Matthew Johnson matthew at anandabits.com
Sat Dec 12 12:58:25 CST 2015


> A structural sum type that was a disjoint sum and strictly ordered seems reasonably easy to support, if not perfectly ergonomic, and would handy if we ever get variadic generics, and better than the Either towers Haskellers construct for abstract anonymous sums. You could say that (T | U | V) behaves like an enum with cases .0(T), .1(U), .2(V); maybe you get implicit conversion in cases where the type-to-tag association is unambiguous. (T | T | U | V) and (U | T | V) would be distinct types, just like (T, U, V) and (U, T, V) are distinct product types.
> 

Did you mean "(T | U | V) and (U | T | V) would be distinct types, just like (T, U, V) and (U, T, V) are distinct product types."?

In the typed throws with multiple error types use case I think most developers would intuitively expect all permutations of error types to mean the same thing:
()->() throws T, U, V
()->() throws U, T, V
etc

I haven't given a lot of thought to other use cases but I my instinct is that the same intuition would apply.  I'm not sure that order provides a meaningful distinction for structural sum types.  I would like to learn about any use cases where the distinction would be meaningful if anyone knows of any.

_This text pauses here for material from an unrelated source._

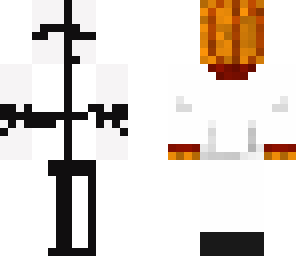 guy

If order doesn't provide a useful and meaningful distinction or if it contradicts intuition in the most prevalent and compelling use cases maybe syntactic permutations should be irrelevant.  A projection of syntax to a canonical order could be performed such that (U | T | V) is projected to (T | U | V) and the type system never encounters any of the other permutations.  

If we do this we probably don't want to expose cases of .0(T), etc as the canonical order be an implementation detail.  The constituent types of the union type would naturally be subtypes of the union type so dynamic cast could be used for projection instead.